Dataset excerpts: Begin
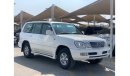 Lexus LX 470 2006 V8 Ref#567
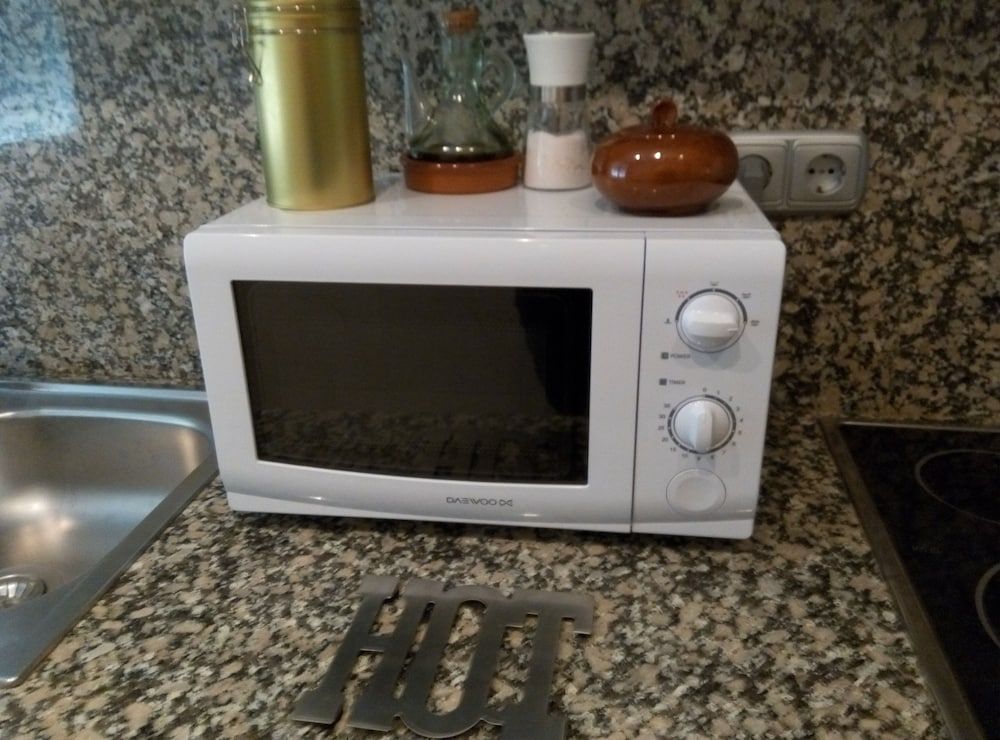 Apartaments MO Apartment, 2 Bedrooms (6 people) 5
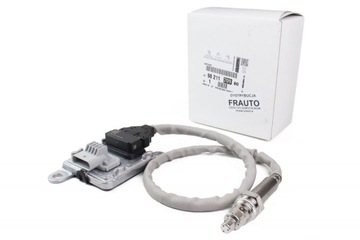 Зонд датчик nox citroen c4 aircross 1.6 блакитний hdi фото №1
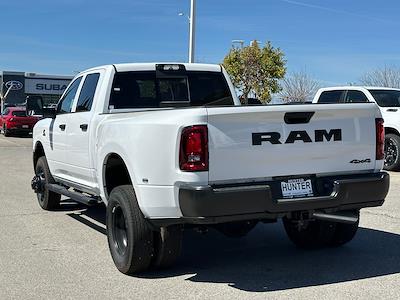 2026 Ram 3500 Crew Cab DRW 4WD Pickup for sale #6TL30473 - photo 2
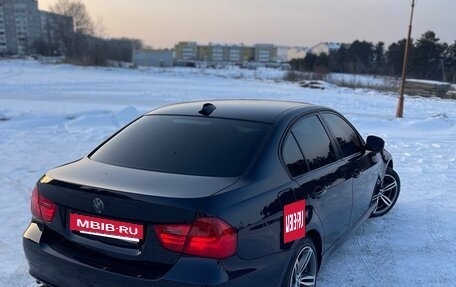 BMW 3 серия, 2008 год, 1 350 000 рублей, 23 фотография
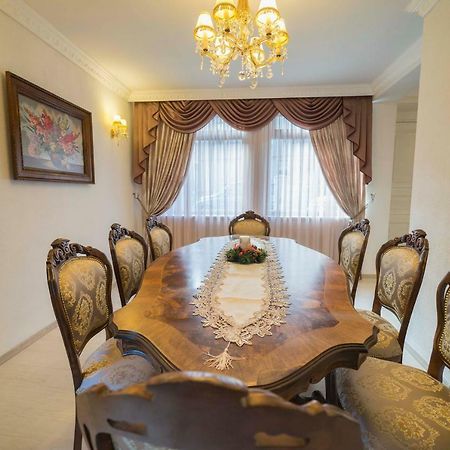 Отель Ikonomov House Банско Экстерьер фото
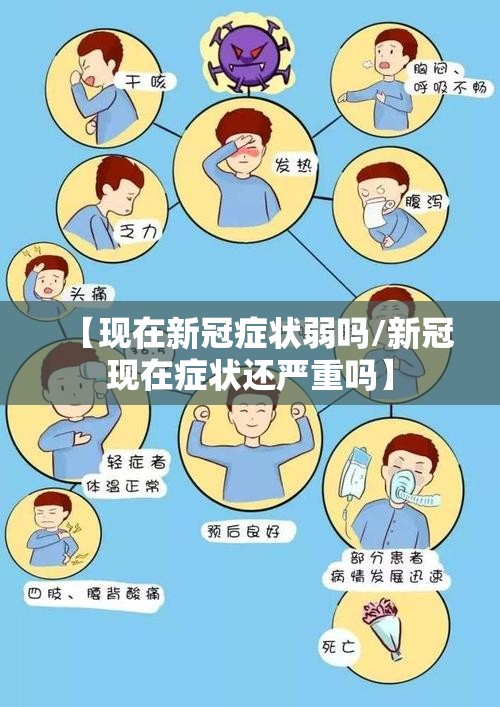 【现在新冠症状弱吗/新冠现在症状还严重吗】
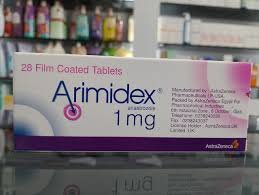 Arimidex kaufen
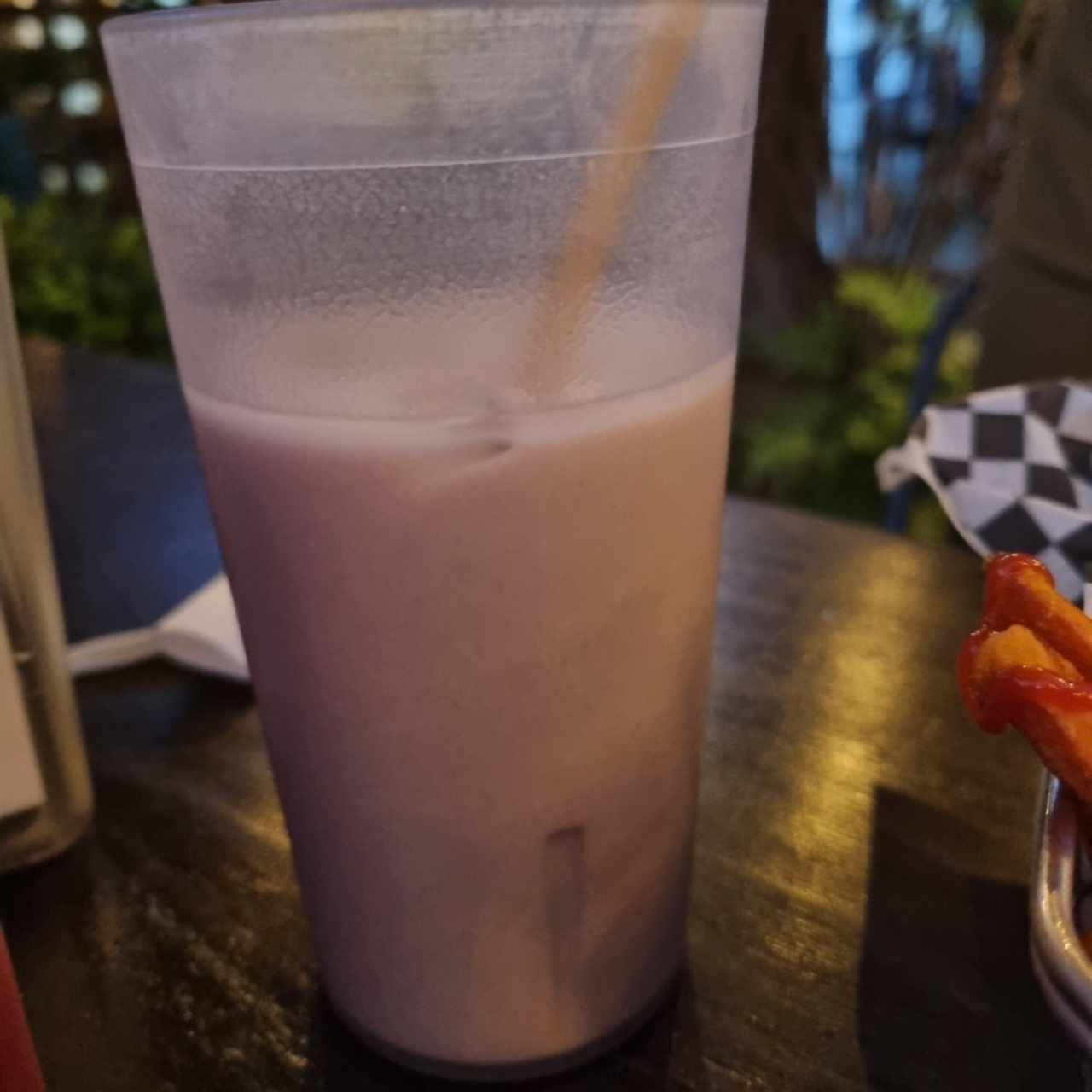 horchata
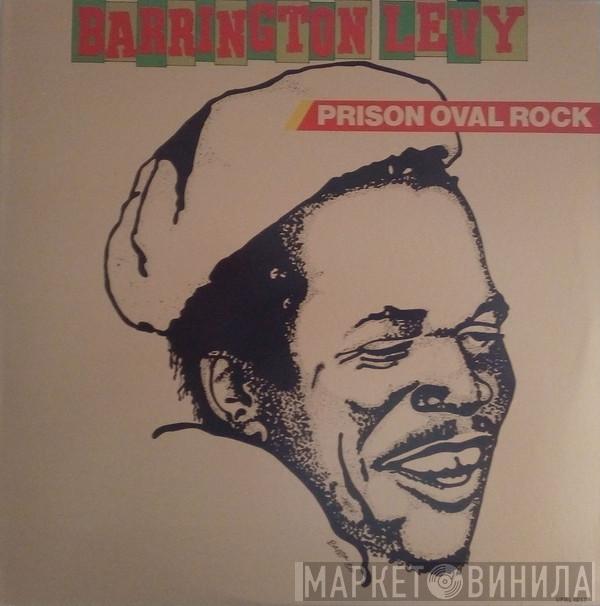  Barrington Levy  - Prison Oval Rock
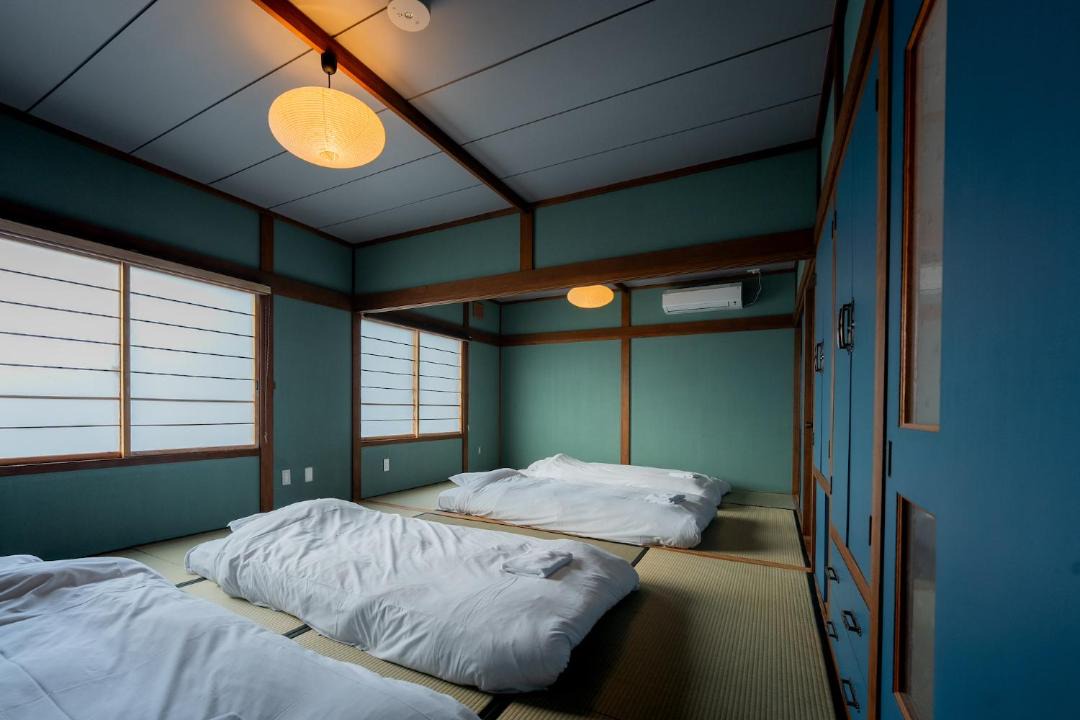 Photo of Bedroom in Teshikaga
Dataset excerpts: End
● About this exercise: Pictures are not part of the copy. Reproduce the lines from the one with "BMW 3 серия, 2008" through the end of the listing above.

● Result of the task:
 BMW 3 серия, 2008 год, 1 350 000 рублей, 23 фотография
 Отель Ikonomov House Банско Экстерьер фото
 【现在新冠症状弱吗/新冠现在症状还严重吗】
 Arimidex kaufen
 horchata
  Barrington Levy  - Prison Oval Rock
 Photo of Bedroom in Teshikaga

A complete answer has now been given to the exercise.